____ Information shown
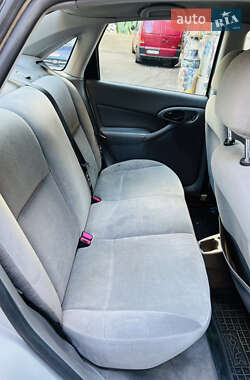 Седан Ford Focus 2001 в 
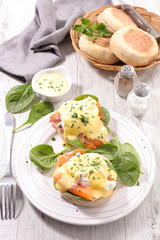 muffin with salmon and poached egg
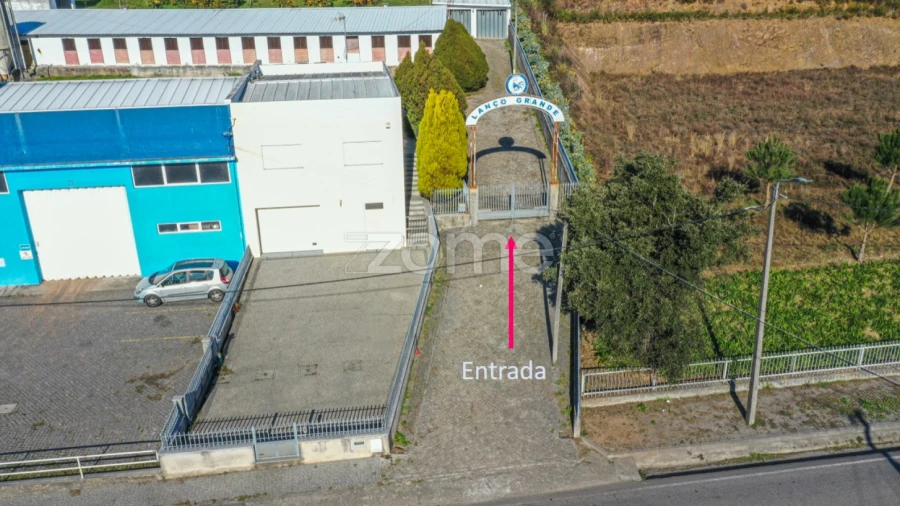 Terreno Comércio / Armazém para Venda em Agrela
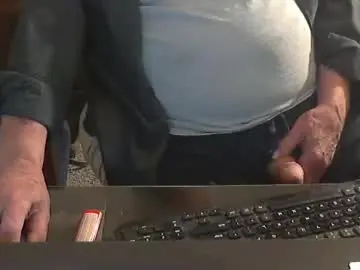 Chaturbate Live Sex Cam of islandduke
________
= Task directions =
Leaving the pictures aside, copy exactly and only the lines from the one holding "Terreno Comércio /" through the final line of the data, both ends kept.

= Response for this exercise =
 Terreno Comércio / Armazém para Venda em Agrela
 Chaturbate Live Sex Cam of islandduke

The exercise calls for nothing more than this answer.